(Web page caption snippets)
= Beginning of Section =
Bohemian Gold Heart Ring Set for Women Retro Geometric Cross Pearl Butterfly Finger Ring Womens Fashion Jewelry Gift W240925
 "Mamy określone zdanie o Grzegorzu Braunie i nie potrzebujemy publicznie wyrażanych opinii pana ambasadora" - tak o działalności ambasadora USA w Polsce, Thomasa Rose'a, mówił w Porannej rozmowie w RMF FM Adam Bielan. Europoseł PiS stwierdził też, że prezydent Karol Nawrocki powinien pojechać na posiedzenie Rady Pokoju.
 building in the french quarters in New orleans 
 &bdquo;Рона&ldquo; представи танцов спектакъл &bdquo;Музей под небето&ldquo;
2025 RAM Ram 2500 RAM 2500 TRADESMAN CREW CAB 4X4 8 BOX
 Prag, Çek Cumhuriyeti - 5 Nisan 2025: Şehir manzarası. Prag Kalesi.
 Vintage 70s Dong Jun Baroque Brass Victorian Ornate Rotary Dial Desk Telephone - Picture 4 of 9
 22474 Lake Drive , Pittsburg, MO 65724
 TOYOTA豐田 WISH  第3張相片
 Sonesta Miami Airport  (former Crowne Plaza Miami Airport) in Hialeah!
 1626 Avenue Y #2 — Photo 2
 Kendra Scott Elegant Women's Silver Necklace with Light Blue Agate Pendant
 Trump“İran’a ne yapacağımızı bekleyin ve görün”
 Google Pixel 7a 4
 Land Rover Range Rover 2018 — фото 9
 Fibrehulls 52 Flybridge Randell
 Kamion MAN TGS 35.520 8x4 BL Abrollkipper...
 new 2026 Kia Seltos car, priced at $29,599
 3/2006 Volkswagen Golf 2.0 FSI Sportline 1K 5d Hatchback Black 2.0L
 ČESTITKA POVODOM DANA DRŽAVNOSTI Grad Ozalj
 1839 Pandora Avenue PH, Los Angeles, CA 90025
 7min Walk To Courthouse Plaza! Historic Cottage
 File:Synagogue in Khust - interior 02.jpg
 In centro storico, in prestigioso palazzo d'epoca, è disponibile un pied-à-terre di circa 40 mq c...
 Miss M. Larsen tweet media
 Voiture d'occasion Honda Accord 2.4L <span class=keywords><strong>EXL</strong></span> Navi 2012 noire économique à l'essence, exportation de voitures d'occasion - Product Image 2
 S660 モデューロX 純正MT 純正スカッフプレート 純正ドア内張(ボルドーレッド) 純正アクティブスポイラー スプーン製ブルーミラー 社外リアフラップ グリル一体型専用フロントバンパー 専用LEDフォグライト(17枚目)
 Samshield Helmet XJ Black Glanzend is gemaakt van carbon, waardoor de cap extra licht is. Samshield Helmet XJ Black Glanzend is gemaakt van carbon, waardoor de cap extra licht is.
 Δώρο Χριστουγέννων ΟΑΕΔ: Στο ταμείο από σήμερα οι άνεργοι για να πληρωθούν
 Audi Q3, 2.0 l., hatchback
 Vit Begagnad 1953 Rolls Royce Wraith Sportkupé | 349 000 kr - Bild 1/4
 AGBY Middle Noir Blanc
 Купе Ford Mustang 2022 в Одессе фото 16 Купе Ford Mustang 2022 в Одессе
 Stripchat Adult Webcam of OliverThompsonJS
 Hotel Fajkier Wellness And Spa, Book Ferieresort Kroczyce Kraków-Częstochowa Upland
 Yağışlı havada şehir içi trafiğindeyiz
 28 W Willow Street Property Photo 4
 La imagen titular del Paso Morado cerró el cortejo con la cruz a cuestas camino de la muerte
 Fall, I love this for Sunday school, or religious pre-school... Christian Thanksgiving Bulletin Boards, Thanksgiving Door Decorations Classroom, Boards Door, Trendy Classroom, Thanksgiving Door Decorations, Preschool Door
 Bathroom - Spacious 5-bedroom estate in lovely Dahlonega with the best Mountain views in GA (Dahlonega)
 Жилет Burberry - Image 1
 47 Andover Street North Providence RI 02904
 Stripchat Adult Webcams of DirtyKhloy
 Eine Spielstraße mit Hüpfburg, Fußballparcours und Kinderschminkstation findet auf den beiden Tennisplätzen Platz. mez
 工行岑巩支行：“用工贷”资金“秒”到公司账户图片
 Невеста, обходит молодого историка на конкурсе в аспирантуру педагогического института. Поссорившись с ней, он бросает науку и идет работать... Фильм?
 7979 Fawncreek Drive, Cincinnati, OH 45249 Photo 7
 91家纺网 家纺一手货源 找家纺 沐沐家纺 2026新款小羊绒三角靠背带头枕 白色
= End of Section =
• [Exercise instructions]:
Please set down each of the entries above exactly as given.

• [Result below]:
Bohemian Gold Heart Ring Set for Women Retro Geometric Cross Pearl Butterfly Finger Ring Womens Fashion Jewelry Gift W240925
 "Mamy określone zdanie o Grzegorzu Braunie i nie potrzebujemy publicznie wyrażanych opinii pana ambasadora" - tak o działalności ambasadora USA w Polsce, Thomasa Rose'a, mówił w Porannej rozmowie w RMF FM Adam Bielan. Europoseł PiS stwierdził też, że prezydent Karol Nawrocki powinien pojechać na posiedzenie Rady Pokoju.
 building in the french quarters in New orleans 
 &bdquo;Рона&ldquo; представи танцов спектакъл &bdquo;Музей под небето&ldquo;
2025 RAM Ram 2500 RAM 2500 TRADESMAN CREW CAB 4X4 8 BOX
 Prag, Çek Cumhuriyeti - 5 Nisan 2025: Şehir manzarası. Prag Kalesi.
 Vintage 70s Dong Jun Baroque Brass Victorian Ornate Rotary Dial Desk Telephone - Picture 4 of 9
 22474 Lake Drive , Pittsburg, MO 65724
 TOYOTA豐田 WISH  第3張相片
 Sonesta Miami Airport  (former Crowne Plaza Miami Airport) in Hialeah!
 1626 Avenue Y #2 — Photo 2
 Kendra Scott Elegant Women's Silver Necklace with Light Blue Agate Pendant
 Trump“İran’a ne yapacağımızı bekleyin ve görün”
 Google Pixel 7a 4
 Land Rover Range Rover 2018 — фото 9
 Fibrehulls 52 Flybridge Randell
 Kamion MAN TGS 35.520 8x4 BL Abrollkipper...
 new 2026 Kia Seltos car, priced at $29,599
 3/2006 Volkswagen Golf 2.0 FSI Sportline 1K 5d Hatchback Black 2.0L
 ČESTITKA POVODOM DANA DRŽAVNOSTI Grad Ozalj
 1839 Pandora Avenue PH, Los Angeles, CA 90025
 7min Walk To Courthouse Plaza! Historic Cottage
 File:Synagogue in Khust - interior 02.jpg
 In centro storico, in prestigioso palazzo d'epoca, è disponibile un pied-à-terre di circa 40 mq c...
 Miss M. Larsen tweet media
 Voiture d'occasion Honda Accord 2.4L <span class=keywords><strong>EXL</strong></span> Navi 2012 noire économique à l'essence, exportation de voitures d'occasion - Product Image 2
 S660 モデューロX 純正MT 純正スカッフプレート 純正ドア内張(ボルドーレッド) 純正アクティブスポイラー スプーン製ブルーミラー 社外リアフラップ グリル一体型専用フロントバンパー 専用LEDフォグライト(17枚目)
 Samshield Helmet XJ Black Glanzend is gemaakt van carbon, waardoor de cap extra licht is. Samshield Helmet XJ Black Glanzend is gemaakt van carbon, waardoor de cap extra licht is.
 Δώρο Χριστουγέννων ΟΑΕΔ: Στο ταμείο από σήμερα οι άνεργοι για να πληρωθούν
 Audi Q3, 2.0 l., hatchback
 Vit Begagnad 1953 Rolls Royce Wraith Sportkupé | 349 000 kr - Bild 1/4
 AGBY Middle Noir Blanc
 Купе Ford Mustang 2022 в Одессе фото 16 Купе Ford Mustang 2022 в Одессе
 Stripchat Adult Webcam of OliverThompsonJS
 Hotel Fajkier Wellness And Spa, Book Ferieresort Kroczyce Kraków-Częstochowa Upland
 Yağışlı havada şehir içi trafiğindeyiz
 28 W Willow Street Property Photo 4
 La imagen titular del Paso Morado cerró el cortejo con la cruz a cuestas camino de la muerte
 Fall, I love this for Sunday school, or religious pre-school... Christian Thanksgiving Bulletin Boards, Thanksgiving Door Decorations Classroom, Boards Door, Trendy Classroom, Thanksgiving Door Decorations, Preschool Door
 Bathroom - Spacious 5-bedroom estate in lovely Dahlonega with the best Mountain views in GA (Dahlonega)
 Жилет Burberry - Image 1
 47 Andover Street North Providence RI 02904
 Stripchat Adult Webcams of DirtyKhloy
 Eine Spielstraße mit Hüpfburg, Fußballparcours und Kinderschminkstation findet auf den beiden Tennisplätzen Platz. mez
 工行岑巩支行：“用工贷”资金“秒”到公司账户图片
 Невеста, обходит молодого историка на конкурсе в аспирантуру педагогического института. Поссорившись с ней, он бросает науку и идет работать... Фильм?
 7979 Fawncreek Drive, Cincinnati, OH 45249 Photo 7
 91家纺网 家纺一手货源 找家纺 沐沐家纺 2026新款小羊绒三角靠背带头枕 白色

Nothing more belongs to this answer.